Problem with .hdr/.pic format

Question

So, everything was clear from the specification point of view, but when I moved to reading through some of the original implementations and reimplementations, I ran into this:

f = ldexp(1.0,rgbe[3]-(int)(128+8));

This piece calculates the signed exponent (<128 are, by specification, defined to be negative) and applies it to 2.0f. Why does he add 8 after the fact? And why doesn't he just write 136? That's biasing the encoded exponent information in favor of the smaller values, right? But why? All the values I load with this seem to be in a really cramped floating point space [I'm not even sure anything uses the space above 1.0f]. I understand the ratios remain consistent, but I kind of prefer to rely on original measured radiances.

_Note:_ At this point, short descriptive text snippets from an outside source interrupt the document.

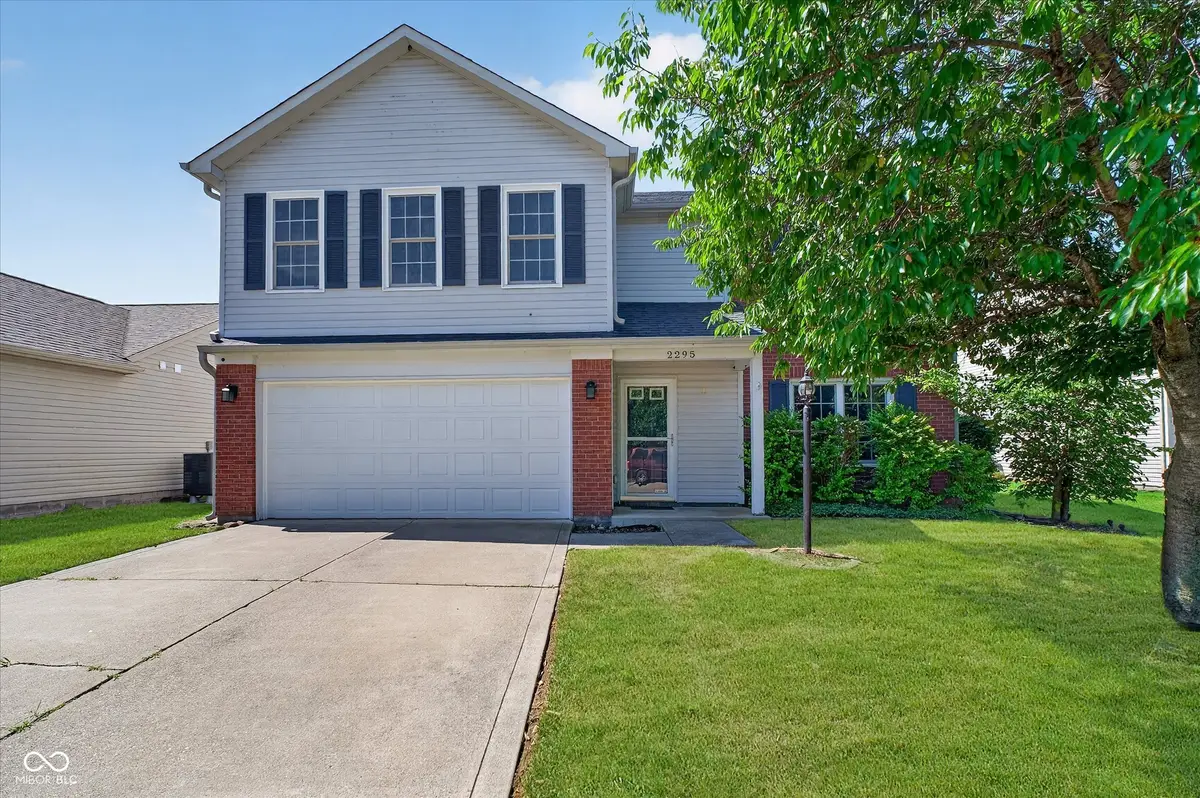 2295 Lakecrest Drive, Columbus, IN 47201 - #1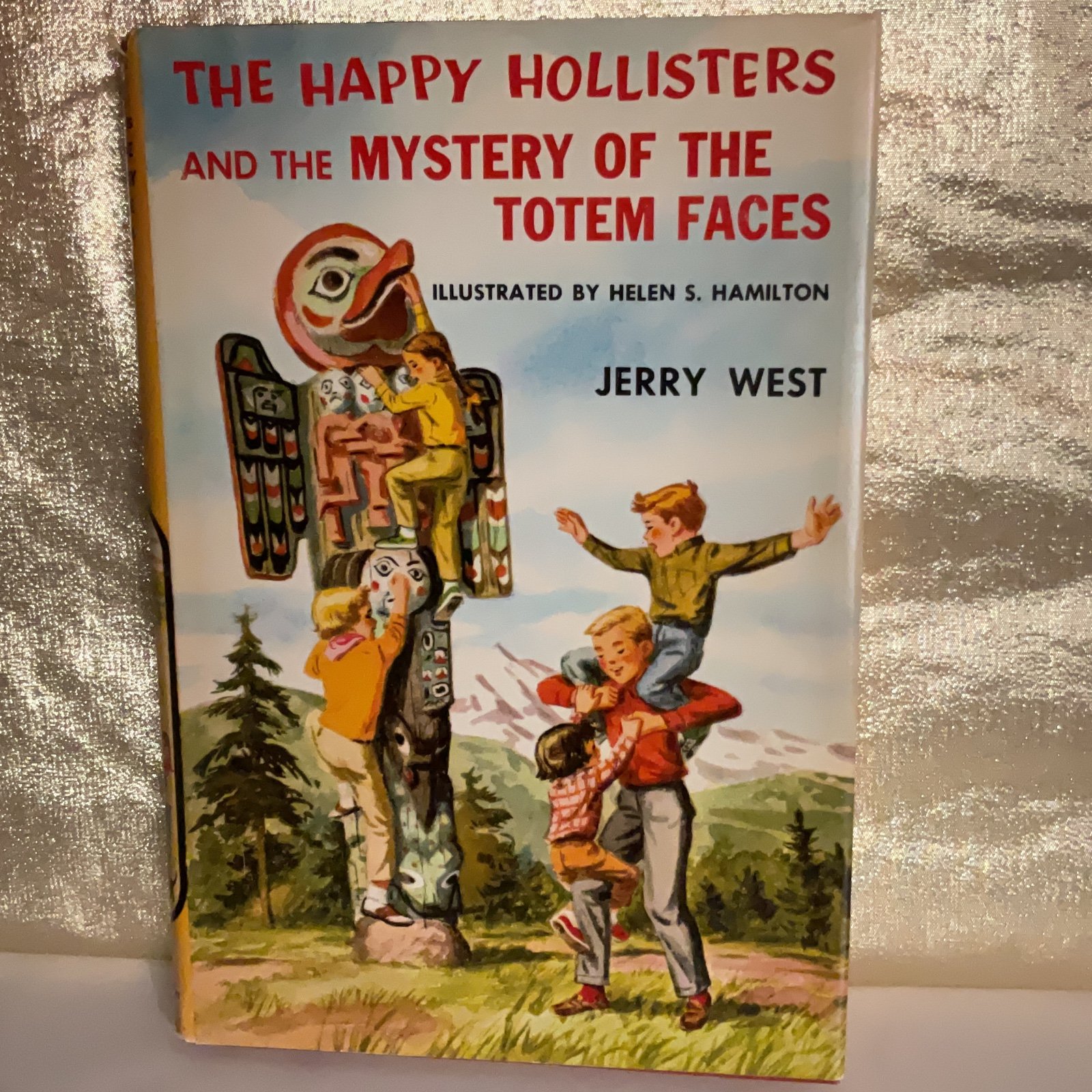 Vintage - The Happy Hollisters and the Mystery of the Totem Faces (H-15)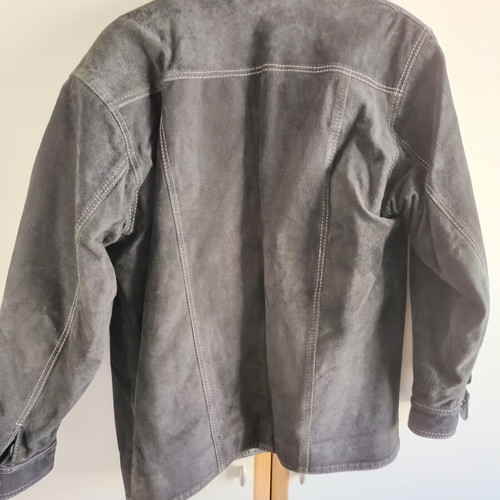 Black leather jacket No L, lightly worn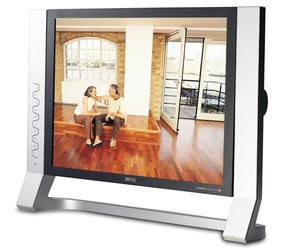 000000FA00476378-photo-moniteur-lcd-benq-fp241vw.jpg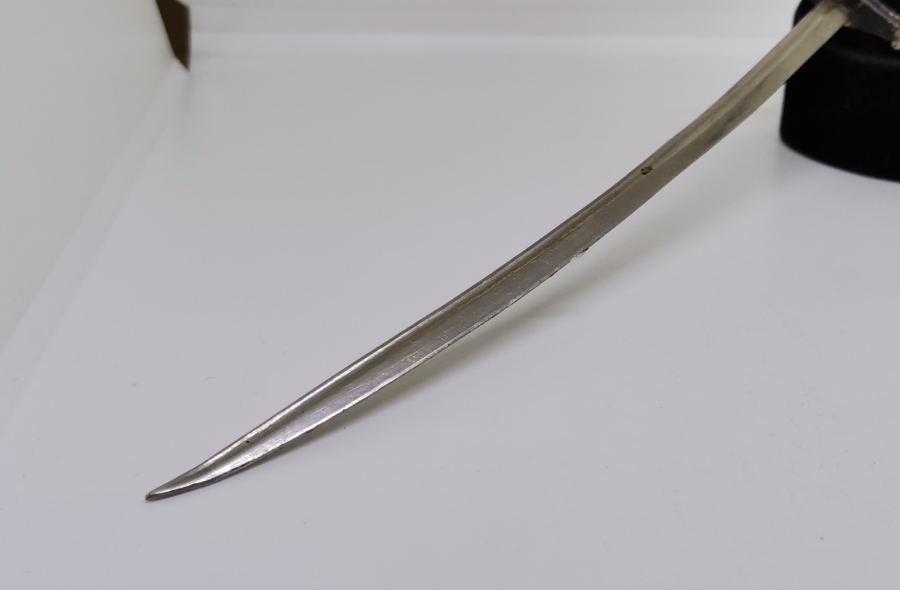 ASLAN BAŞLI PAŞA KILICI FORMUNDA YAPILMIŞ 1. DÜNYA SAVAŞI DÖNEMİ ASKERİ ZARF AÇACAĞI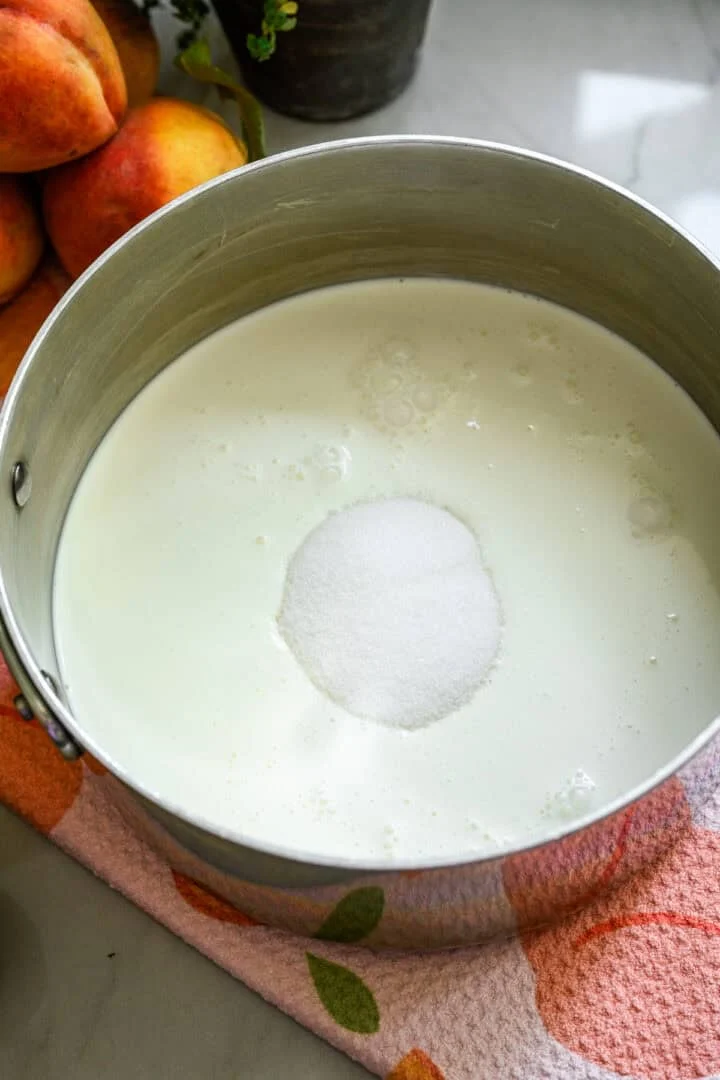 Zware room, melk en suiker in een pot.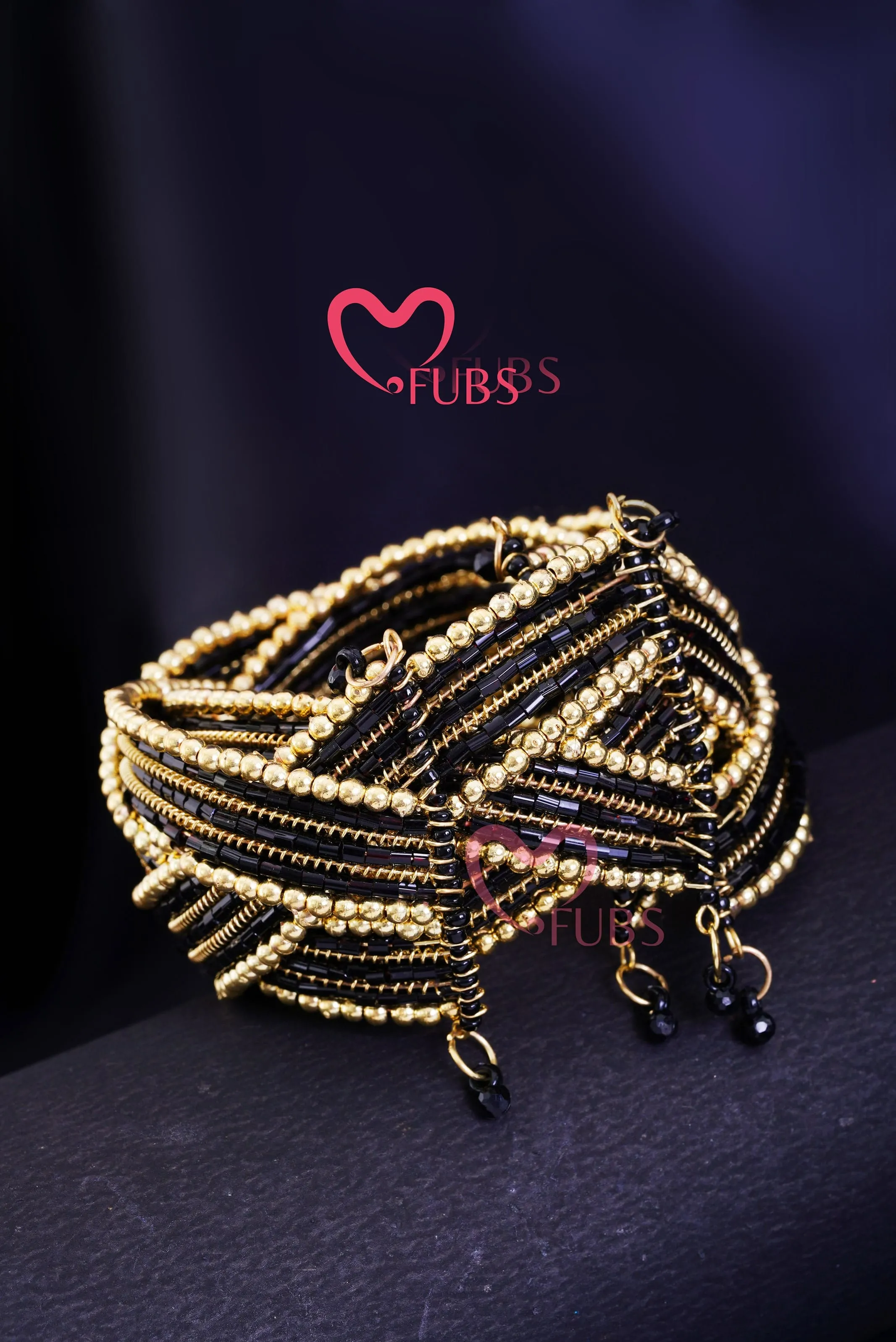 Beauty Elegance Crossover Bracelet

http://www.graphics.cornell.edu/~bjw/rgbe.html — The code here states that is the standard way to decode "real pixels", which has no basis in the specification and no rationale offered.

Answer 1

ldexp is a function which takes two arguments, the significand and the exponent. And it multiplies the significand by 2 taken to the power of exp. If we take the significand to be 1.0 (as in your case), it reduces down to 2^x, essentially.

RGBE format encodes the exponent in such a way that values less than 128 are considered negative, easily expressed as e-128. When you decode the exponent, you need to restore the significand to its [0,1) range (the largest primary will be normalized to [0.5, 1.0) while others... Well.). To do that, you'd have to divide each of the channels by 256 (the number of values represented by a byte). And then multiply by 2^exp to get the final value.

Notice that 256 is 2^8. Also notice that in your example that the author seemingly doesn't do the 256 divide at all. Why is that? He shoved the divide into the ldexp. How?

f = ldexp(1.0,rgbe[3]-(int)(128+8));

rgbe[3] is the encoded exp.

So, let's express the exponent in a different way:

encodedExp - 128 - 8 (remember that exp = encodedExp - 128)

exp - 8

Now, apply the exponent to the base 2:

2^(exp - 8) = 2^exp * 2^-8 = 2^exp / 2^8 = 2^exp / 256

There it is! So, the author premultiplied the 2^exp calculation with 1/256.